Five Questions to Ask When Modernizing Campus Tech
CIOs at Princeton and UVA break down five questions every campus should ask before making big modernization moves.
Campus tech is at an inflection point. Budgets are tighter, technical debt is piling up, AI expectations are everywhere, and the gap between what students expect and what they're getting keeps growing.
As higher ed enters an era defined by AI, cloud-native architectures, and intensifying technical debt, CIOs are making architectural decisions that reshape their institution's digital future. In a recent EDUCAUSE webinar, Kelly Doney (VP and CIO, University of Virginia) and Daren Hubbard (VP for IT and CIO, Princeton University) joined Stellic's Founder & CEO, Sabih Bin Wasi, to examine five questions worth asking when evaluating modernization strategies in complex, decentralized environments.
Watch the full recording below, or read on for a recap of the five questions and key moments.
Watch the Webinar
1. What specific problem are we actually trying to solve?
The instinct is to start with technology: which system do we replace? But both Kelly and Daren pushed back on that framing.
At UVA, Kelly's team deliberately pulled advising and degree audit out of their monolithic SIS rather than replacing the whole thing at once. That focus meant they could invest deeply in change management, bring stakeholders along, and deliver real improvements to the student experience without the risk of a massive rip-and-replace.
Kelly compared the traditional SIS to a Ninja 10-in-1 Air Fryer: it does a lot of things, but there's an opportunity to pull out specific functions and give them the dedicated focus they need.
In other words, start with the friction, not the platform.
2. What are your stakeholders' highest priorities?
Daren was clear on this one: the best modernization decisions start with listening. At Princeton, that means spending real time understanding the day-to-day realities of the people closest to the work before ever proposing a solution.
Kelly shared a moment that shifted UVA's entire approach. When the IT team started describing their work as a "system of systems" project, their campus partners pushed back: "Stop calling it system of systems. It's about making our students successful." The initiative was promptly renamed the Student Success Initiative, and the partnership got stronger because of it.
The pattern both described: lead with business process analysis, not a technology menu.
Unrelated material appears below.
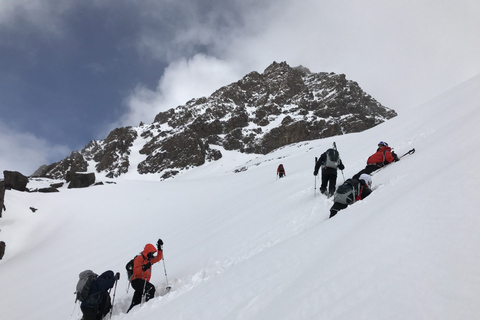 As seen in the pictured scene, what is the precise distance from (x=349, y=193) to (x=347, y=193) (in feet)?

They emphasized being a strategic partner, not a service desk.
3. What signals tell you it's time to retire, replace, or rethink?
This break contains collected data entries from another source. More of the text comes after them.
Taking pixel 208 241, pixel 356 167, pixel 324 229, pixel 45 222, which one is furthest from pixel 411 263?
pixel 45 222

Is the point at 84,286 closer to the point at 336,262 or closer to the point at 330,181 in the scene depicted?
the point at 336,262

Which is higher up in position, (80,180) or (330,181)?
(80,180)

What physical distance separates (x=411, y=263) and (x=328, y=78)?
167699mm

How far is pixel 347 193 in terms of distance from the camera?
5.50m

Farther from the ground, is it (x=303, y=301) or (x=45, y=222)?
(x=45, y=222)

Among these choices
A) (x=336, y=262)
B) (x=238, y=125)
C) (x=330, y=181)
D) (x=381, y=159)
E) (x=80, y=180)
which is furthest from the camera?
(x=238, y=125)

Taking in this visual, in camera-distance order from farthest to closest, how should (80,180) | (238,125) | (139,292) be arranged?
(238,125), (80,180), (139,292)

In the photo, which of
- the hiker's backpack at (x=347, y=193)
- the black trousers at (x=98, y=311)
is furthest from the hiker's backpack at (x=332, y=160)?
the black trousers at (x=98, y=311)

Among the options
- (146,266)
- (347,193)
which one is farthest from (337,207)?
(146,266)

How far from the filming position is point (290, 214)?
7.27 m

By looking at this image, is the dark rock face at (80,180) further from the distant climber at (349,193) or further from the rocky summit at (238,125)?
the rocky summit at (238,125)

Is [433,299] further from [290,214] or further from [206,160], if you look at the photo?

Sometimes the signal is obvious: a legacy system is end-of-life and the one person who maintained it has retired. (Kelly got a lot of knowing nods on that one.)
But both panelists cautioned against false signals. Just because you modernized HR and finance doesn't mean you need to rip and replace your SIS next. Kelly's advice: don't feel that pressure if it's not warranted. Focus where the real pain is.
"We get a new set of customers every fall." —Daren Hubbard
That constant refresh means wear and tear shows up fast. The key is reading which signals point to real student impact versus which ones are just momentum.
4. How should AI factor into modernization decisions right now?
Both panelists were honest that they haven't found "the thing" yet.
Kelly cited a McKinsey report showing only a third of organizations have operationalized AI. Daren shared that the highest-value use cases he's seen are narrowly scoped: security analysis, chatbots handling 40%+ of help desk volume, and scenarios with large transaction data and clear rules.
Their advice to vendors on AI: show measurable impact with real data. Don't feed into the hype or show a demo on hypothetical scenarios.
And Kelly offered a compelling longer view: as campuses keep pulling functions out of the core SIS into purpose-built tools, AI will have a much cleaner surface to work on in two to three years. The composable approach isn't just good architecture today; it's setting the stage for what AI can actually deliver tomorrow.
5. How do you measure the impact of modernization?
Kelly pointed to alignment as a key metric: consolidating from 6 LMSs to 1, retiring shadow systems, and keeping 12 schools moving in the same direction. At UVA, 92% of students engaged with the new advising tools. Those numbers tell a story.
Daren highlighted the value of moving off custom solutions toward standardized tools where you benefit from collective knowledge across institutions, rather than maintaining something only your campus understands.
Both agreed on a practice worth borrowing: set guiding principles early with your stakeholders. They become your decision-making framework when consensus gets hard and your scorecard for whether you actually succeeded.